If the Universe is expanding, does that mean all galaxies will be torn apart?

By Alastair Gunn

Published: Wednesday, 14 February 2024 at 14:06 PM


All galaxies move. The motions of galaxies can be measured using the Doppler Effect, which changes the wavelength of light emitted by a galaxy due to its motion relative to us.

A galaxy moving away from us is ‘redshifted’ while a galaxy moving towards us is ‘blueshifted’.

Since all the light from a moving galaxy is shifted by the same relative amount, astronomers make use of ‘spectral lines’ in this process.

Chemical elements in the galaxy emit or absorb light at certain well-defined wavelengths and effectively act as markers within the galaxy’s light spectrum.

The shift in the spectral lines reveals the galaxy’s velocity relative to us.

The further away a galaxy is, the more its light is shifted to longer wavelengths – an effect known as redshift

Galaxies’ motion and the expansion of the Universe

In general, galaxies are moving away from each other at an ever increasing rate, carried along by the expansion of the Universe.

The further away a galaxy is from us, the faster it is moving away.

This relationship between distance and ‘redshift’ is known as the Hubble-Lemaître Law.

The discovery that the Universe is expanding led to the development of the Big Bang theory of the Universe.

As light travels through expanding space, it is stretched to longer wavelengths. Credit: NASA, ESA, Leah Hustak (STScI)
As light travels through expanding space, it is stretched to longer wavelengths. Credit: NASA, ESA, Leah Hustak (STScI)

Does this mean galaxies will be torn apart?

Cosmic expansion is only noticeable over scales comparable to the size of galaxy clusters.

The gravitational interaction between galaxies on these scales is insufficient to prevent them from moving apart.

But on much smaller scales, the gravitational forces between galaxies can be large enough to overcome the cosmic expansion, allowing galaxies to interact, collide and sometimes merge.

For example, in our own ‘Local Group’ of galaxies, which also includes the Andromeda Galaxy and the Large and Small Magellanic Clouds, some galaxies are moving away from us (redshifted) and some toward us (blueshifted).

The distorted shapes and tails of some of the galaxies in the group known as Stephan's Quintet are evidence of them having had close interactions with each other. Credit:NASA, ESA and the Hubble SM4 ERO Team
The distorted shapes and tails of some of the galaxies in the group known as Stephan’s Quintet are evidence of them having had close interactions with each other. Credit:NASA, ESA and the Hubble SM4 ERO Team

The Local Group of galaxies is, as a whole, moving through space at about 630 km/s.

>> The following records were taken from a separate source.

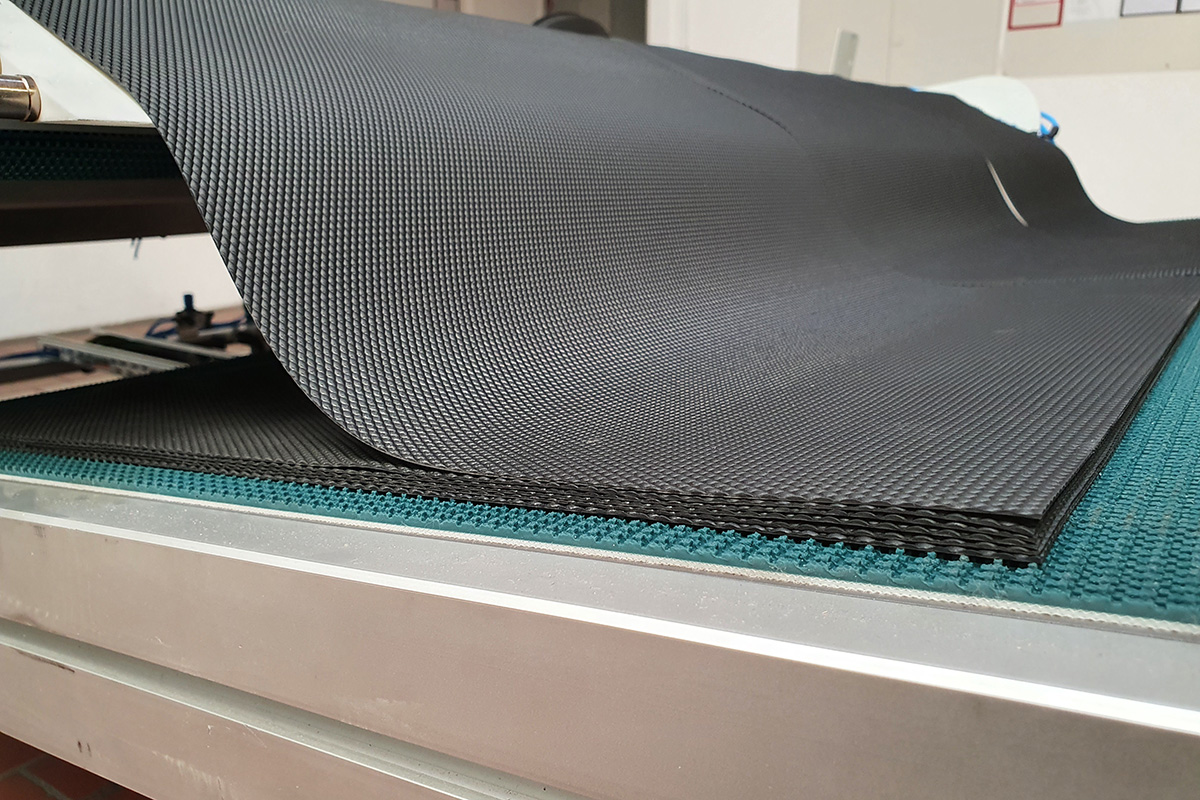 Schwarzes, texturiertes Material mit Wabenmuster auf einer Tischfläche aus Metall und grünem Teppich.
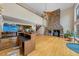 Open floor plan with hardwood floors, stone fireplace, and lots of natural light at 4811 New Sharon Church Rd, Hillsborough, NC 27278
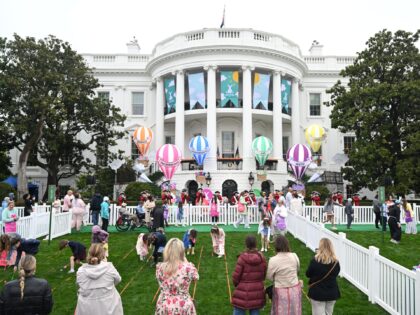 Children participate in the annual Easter Egg Roll on the South Lawn of the White House in
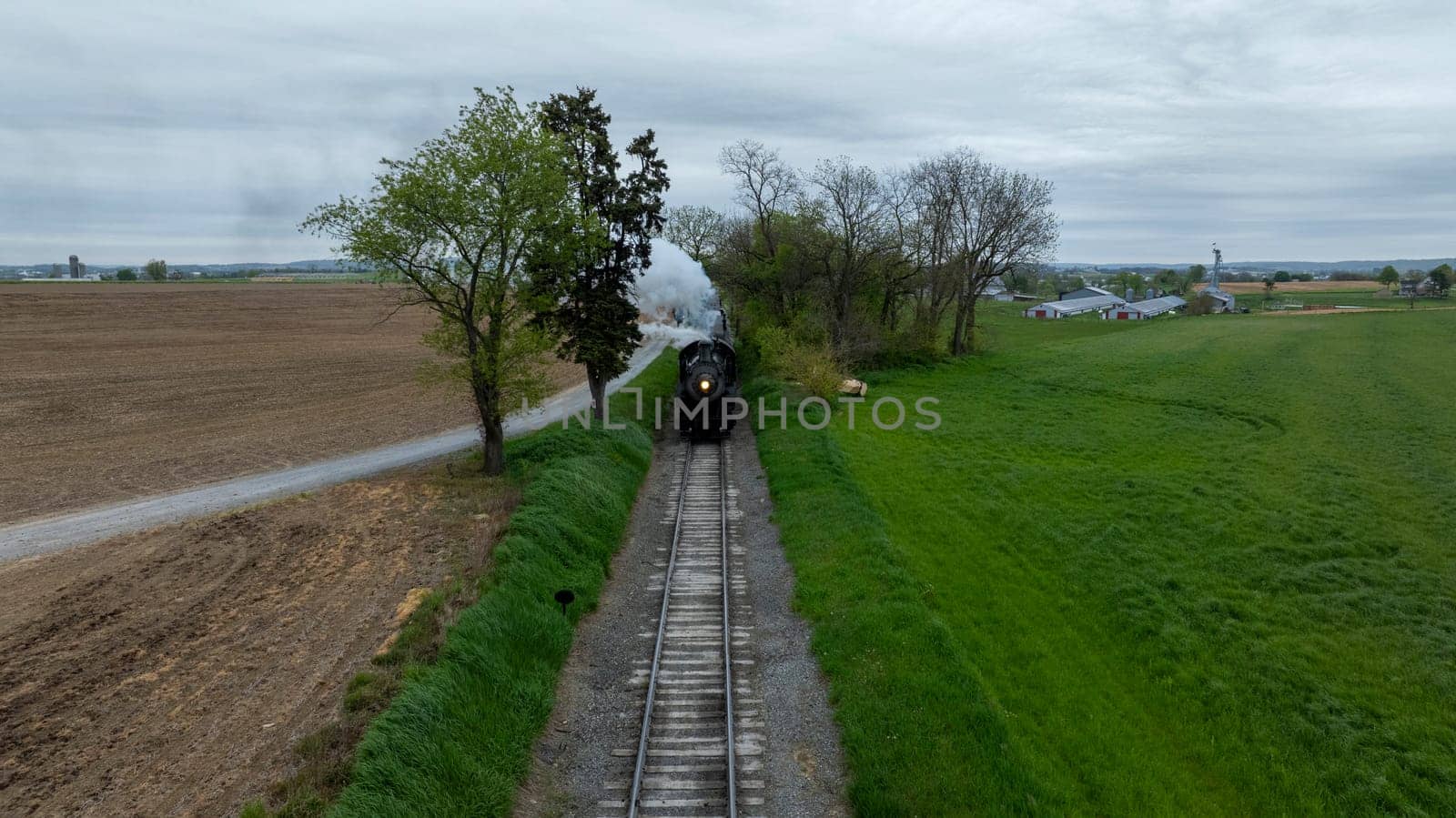 Train is traveling down track next to field. The train is black and steam is coming out of the front by actionphoto50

Members of the group are also moving towards the Virgo cluster of galaxies at between 100 km/s and 400 km/s.

But our closest large galactic neighbour, the Andromeda Galaxy, is heading towards the Milky Way at around 120 km/s.

The latest research suggests Andromeda will collide almost head-on with the Milky Way in about 4 billion years! This event is known as the Andromeda-Milky Way collision.

The highest blueshift yet recorded is actually from a group of stars called a ‘globular cluster’ that resides near the galaxy M87; twenty times further away than the Andromeda Galaxy!

A simulation showing Earth’s night sky in 3.75 billion years as Andromeda collides with the Milky Way. Credit: NASA; ESA; Z. Levay and R. van der Marel, STScI; T. Hallas; and A. Mellinger
A simulation showing Earth’s night sky in 3.75 billion years as Andromeda collides with the Milky Way. Credit: NASA; ESA; Z. Levay and R. van der Marel, STScI; T. Hallas; and A. Mellinger

Galaxies move…and rotate

We’ve seen how astronomers can show that galaxies move, but what about their rotation?

To measure a galaxy’s rotation, astronomers look at light from opposing sides of the galaxy.

One side is approaching us while the other is receding (once the galaxy’s overall motion is accounted for) and that difference reveals the rotation speed of the galaxy.

Typical rotation speeds in the outer regions of galaxies are several hundred km/s.

In the 1970s, astronomers found that galaxies rotate in a way that cannot be driven purely by visible matter.

That is, the velocity of stars remains the same throughout a galaxy, rather than dropping off with distance from the centre, as would be expected.

This discovery led to the hypothesis that some other type of invisible matter must be acting on distant stars to give them an added push.

That invisible matter we now call ‘dark matter’.